Updated: Aug 9
By Jordan Newquist
Lightsabers are a hallmark of the Star Wars franchise. Wielded by George Lucas’s Jedi Knights, many Star Wars movies and new shows revolve around these “laser swords”. Though the force may be a fictitious facet of the Star Wars universe, could lightsabers exist in real life?
In exploring the legitimacy of lightsabers, we first have to understand what a lightsaber is. According to Star Wars, a lightsaber is an energy sword made up of a power cell and crystals which focus energy from the cell into a blade. Many scientists have taken up qualms with the main characteristics of lightsabers considering they are meant to be made of light: lightsabers have a finite length, and they appear to be solid (and can bounce off other lightsabers and certain metals).
Scientists Francois Fillion-Gourdeau and Jean-Sebastien Gagnon took on the issue of a lightsaber’s “bounce” in their paper “On the physical (im)possibility of lightsabers”. They argue that, although we may not be able to make a lightsaber with the technology we have today, it is physically possible: Light can interact with itself in a vacuum, especially in lower frequencies. Considering we cannot see these lower frequencies, Fillion-Gourdeau and Gagnon studied only the possibilities of light we can see, also known as the Visibl me Light Spectrum. They determined that, by using lasers with incredibly high energy, we could feel the interactions of the particles that make up lightsaber blades. The technology to make such lasers does not currently exist, but perhaps one day we’ll have lightsabers in our hands.

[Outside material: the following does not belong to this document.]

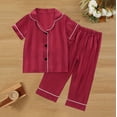 thumbnail image 4 of Gubotare Cute Boy Girl Stain Silk Comfy Clothes Set 2-Piece Stripes Long Sleeve Button Lapel Shirt + Pants Kid Soft Outfit 6 12 Months (Red,6-12 Months), 4 of 4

Chungpin Hovering Liao, a scientist at MIT, provides us with a solution to the infinite path of light. The lightsabers in the Star Wars movies end at a certain point, yet we cannot stop light after a length far less than what lightsabers require. Liao proposes that, by breaking down E and H pulses - electromagnetic pulses of incredibly short length - and a wave moving at the speed of light, “a plasma blade of about two meters can be secured”(Liao 2019). We have our finite light blade!
There are hundreds of youtube videos and blog posts about creating lightsabers, but we have yet to make a lightsaber that genuinely mirrors the light blade we see in the Star Wars movies and shows. A laser sword poses many challenges in the bounds of our universe’s physics, but the recent research of Star Wars Scientists around the world shows one day we may have lightsabers of our own! Maybe in the future, we can have lightsaber duels of our own!
On the physical (im)possibility of lightsabers - François Fillion-Gourdeau and Jean-Sébastien Gagnon
Liao, Chungpin. (2019). Finally, the finite-length lightsabers of Star Wars are possible if equipped with sufficient energy capacity and good materials. 10.13140/RG.2.2.25991.04006.